--- START ---

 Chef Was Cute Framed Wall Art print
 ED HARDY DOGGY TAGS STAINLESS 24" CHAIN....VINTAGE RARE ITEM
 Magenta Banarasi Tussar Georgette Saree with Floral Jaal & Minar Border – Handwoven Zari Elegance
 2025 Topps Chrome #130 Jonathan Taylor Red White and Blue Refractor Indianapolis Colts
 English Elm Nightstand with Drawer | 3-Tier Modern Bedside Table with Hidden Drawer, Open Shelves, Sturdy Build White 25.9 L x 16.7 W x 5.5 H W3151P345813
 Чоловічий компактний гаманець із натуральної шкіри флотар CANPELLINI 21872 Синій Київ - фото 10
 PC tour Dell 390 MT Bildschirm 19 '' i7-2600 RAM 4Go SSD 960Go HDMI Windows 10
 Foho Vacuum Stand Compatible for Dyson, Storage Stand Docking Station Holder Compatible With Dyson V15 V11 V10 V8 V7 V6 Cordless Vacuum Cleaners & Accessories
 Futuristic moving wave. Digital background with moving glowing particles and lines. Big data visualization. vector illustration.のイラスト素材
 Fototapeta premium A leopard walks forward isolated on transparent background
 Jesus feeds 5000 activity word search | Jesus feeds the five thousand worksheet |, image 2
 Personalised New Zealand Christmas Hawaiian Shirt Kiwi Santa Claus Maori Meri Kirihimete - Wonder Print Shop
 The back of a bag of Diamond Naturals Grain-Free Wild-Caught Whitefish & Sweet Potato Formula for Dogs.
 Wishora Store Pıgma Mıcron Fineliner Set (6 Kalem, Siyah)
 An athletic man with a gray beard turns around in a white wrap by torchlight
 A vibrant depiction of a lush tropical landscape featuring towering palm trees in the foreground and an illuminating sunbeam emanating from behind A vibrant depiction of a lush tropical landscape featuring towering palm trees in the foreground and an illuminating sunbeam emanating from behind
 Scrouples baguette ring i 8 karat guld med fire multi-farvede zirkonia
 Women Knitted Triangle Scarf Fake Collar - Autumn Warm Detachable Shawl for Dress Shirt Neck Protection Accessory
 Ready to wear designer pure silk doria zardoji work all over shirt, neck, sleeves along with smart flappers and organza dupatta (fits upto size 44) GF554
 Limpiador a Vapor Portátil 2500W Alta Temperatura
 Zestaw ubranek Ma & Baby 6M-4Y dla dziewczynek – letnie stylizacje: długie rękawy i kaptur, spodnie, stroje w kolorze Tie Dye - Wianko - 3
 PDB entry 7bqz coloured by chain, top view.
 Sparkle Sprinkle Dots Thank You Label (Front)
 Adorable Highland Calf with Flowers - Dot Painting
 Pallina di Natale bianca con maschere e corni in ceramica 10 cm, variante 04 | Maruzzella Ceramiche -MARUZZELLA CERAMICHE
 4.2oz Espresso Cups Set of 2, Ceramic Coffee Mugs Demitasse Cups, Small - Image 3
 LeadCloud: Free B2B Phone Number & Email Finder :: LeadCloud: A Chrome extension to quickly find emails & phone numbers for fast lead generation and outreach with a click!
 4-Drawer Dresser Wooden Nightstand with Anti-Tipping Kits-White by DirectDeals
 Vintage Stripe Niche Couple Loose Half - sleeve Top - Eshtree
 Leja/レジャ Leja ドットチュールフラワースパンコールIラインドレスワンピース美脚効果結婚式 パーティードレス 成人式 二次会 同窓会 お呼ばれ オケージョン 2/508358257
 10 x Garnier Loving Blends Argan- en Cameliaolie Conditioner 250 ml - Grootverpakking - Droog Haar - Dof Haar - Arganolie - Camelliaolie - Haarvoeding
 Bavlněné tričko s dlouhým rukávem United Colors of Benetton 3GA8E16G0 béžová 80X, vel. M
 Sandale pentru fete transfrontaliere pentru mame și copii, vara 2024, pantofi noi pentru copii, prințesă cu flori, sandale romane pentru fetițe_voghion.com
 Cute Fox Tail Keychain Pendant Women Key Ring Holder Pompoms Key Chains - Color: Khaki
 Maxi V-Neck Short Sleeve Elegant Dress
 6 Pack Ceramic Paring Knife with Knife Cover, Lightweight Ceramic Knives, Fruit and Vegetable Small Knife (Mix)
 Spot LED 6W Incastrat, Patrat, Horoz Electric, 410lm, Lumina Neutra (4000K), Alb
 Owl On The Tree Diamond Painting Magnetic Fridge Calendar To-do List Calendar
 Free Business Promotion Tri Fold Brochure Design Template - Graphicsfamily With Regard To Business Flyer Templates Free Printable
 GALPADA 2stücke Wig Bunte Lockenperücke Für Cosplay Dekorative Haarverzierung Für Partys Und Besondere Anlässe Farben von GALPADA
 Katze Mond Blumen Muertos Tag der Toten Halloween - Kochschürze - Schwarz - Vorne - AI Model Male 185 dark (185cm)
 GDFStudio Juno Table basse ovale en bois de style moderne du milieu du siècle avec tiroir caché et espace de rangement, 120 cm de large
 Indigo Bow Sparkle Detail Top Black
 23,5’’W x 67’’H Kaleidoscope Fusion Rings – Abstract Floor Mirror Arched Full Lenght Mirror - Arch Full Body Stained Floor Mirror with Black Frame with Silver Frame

--- END ---

### WHAT YOU HAVE TO DO
Exactly as they stand, set down the lines from the top of the data through the line with "2025 Topps Chrome".

### RESPONSE
 Chef Was Cute Framed Wall Art print
 ED HARDY DOGGY TAGS STAINLESS 24" CHAIN....VINTAGE RARE ITEM
 Magenta Banarasi Tussar Georgette Saree with Floral Jaal & Minar Border – Handwoven Zari Elegance
 2025 Topps Chrome #130 Jonathan Taylor Red White and Blue Refractor Indianapolis Colts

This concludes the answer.